I am still learning when it comes to issues related to diversity, equity and representation. For those who are interested in considering a root cause of gender inequality, I highly recommend the book Invisible Women: Data Bias in a World Designed for Men. This book provides powerful examples of why we need women at the table – and data about women and girls – in order to make informed decisions and find effective solutions. I found this book to be an eye opener and a call to action.

A good resource for men wanting to increase their awareness is Good Guys: How Men Can Be Better Allies for Women in the Workplace. The book states that “gender inequities are not women’s issues – they are leadership issues. Framing gender inequities as “women’s issues” gives men a free pass“.

My Personal Commitment

Diverse leadership teams is one area I am interested in; one of my goals is to partner with colleagues to find ways to develop leadership capacity within our school. I would like to think specifically about how to ensure the development and support of female leaders.

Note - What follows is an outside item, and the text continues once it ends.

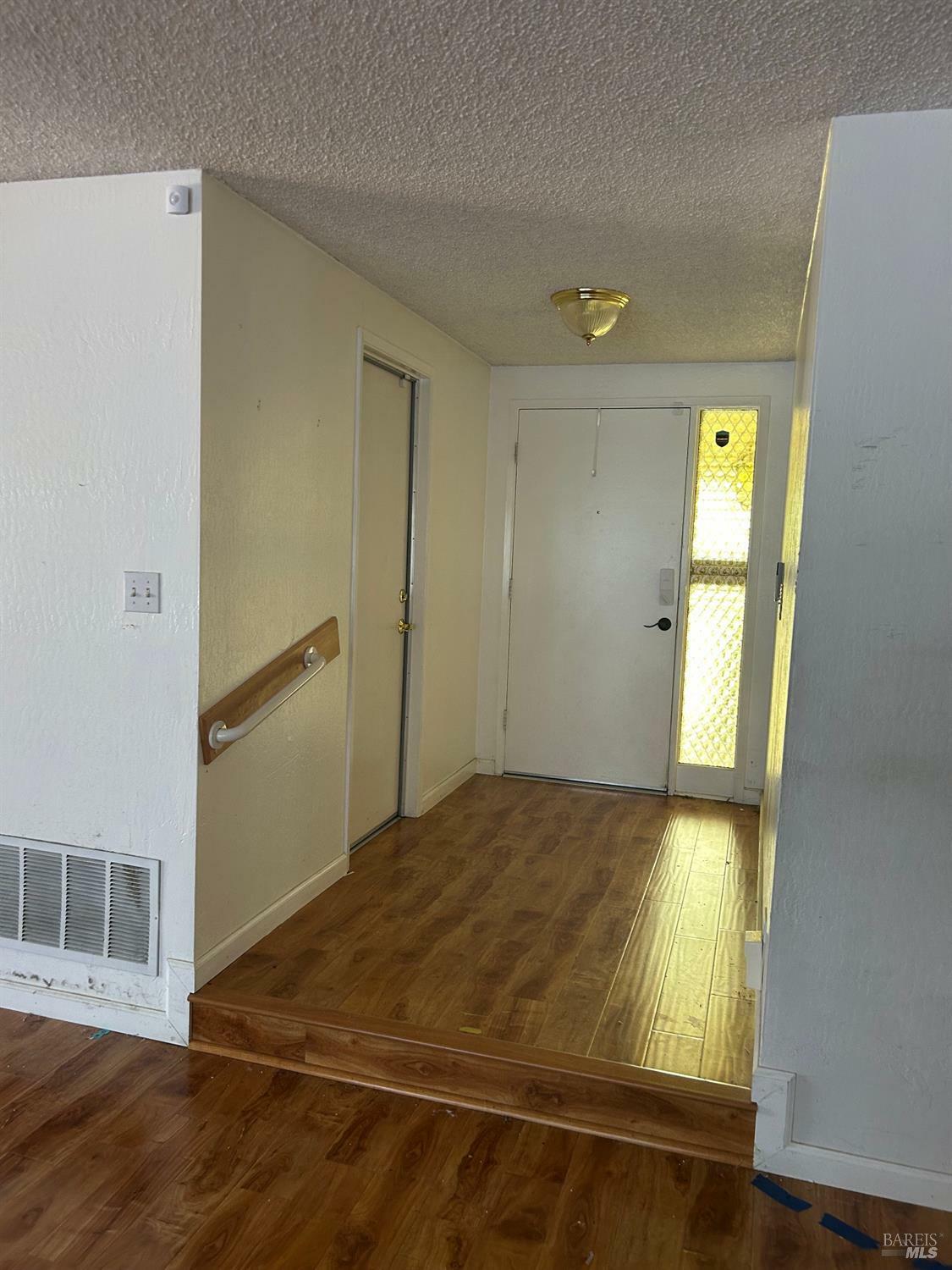 Property Photo: 662 Berkeley Way CA 94533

I would also like to help to identify and address student issues related to gender equity and gender representation at my school. For example, a McKinsey & Company Intersection newsletter stated that although “girls make up nearly half of American middle- and high-school students who are interested in learning computer science“, “they make up less than one-fourth of high-school students who take the Advanced Placement (AP) computer-science exam. Missing out on this and other science, technology, engineering, and mathematics (STEM) education could mean missing out on high-paying jobs down the line.” This newsletter also stated that “in fact, women make up only a quarter of the US computing workforce.” I wonder what areas of improvement related to gender equity might exist currently at my school? What data does my school currently collect &/or what data might we need to collect related to gender equity?

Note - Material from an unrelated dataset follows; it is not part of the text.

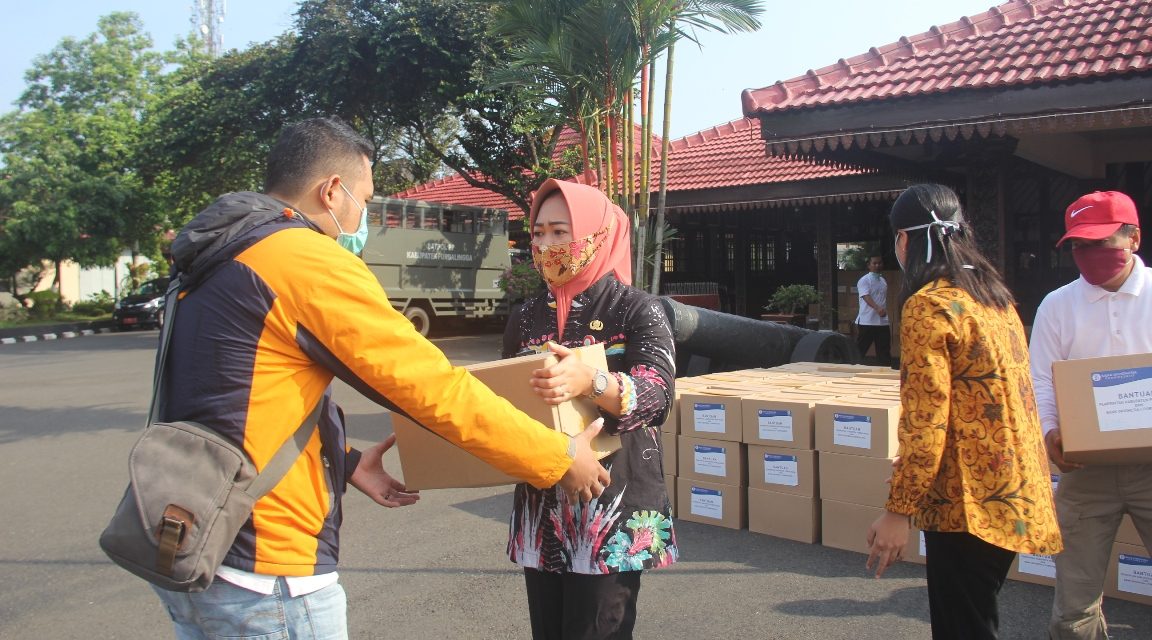 569 Paket Sembako Dibagikan Untuk PKL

I will continue to educate myself about issues related to diversity, equity, inclusion, belonging, and justice, so that I can be a more informed and more effective advocate. One resource I will look to is the Integrated Organizational Framework and associated strategies from the Diversity Collaborative Survey (DCS) 2019 report which can “help international schools and organizations serving international schools become more intercultural, equitable and just.

Integrated Organizational Framework (from The Diversity Collaborative)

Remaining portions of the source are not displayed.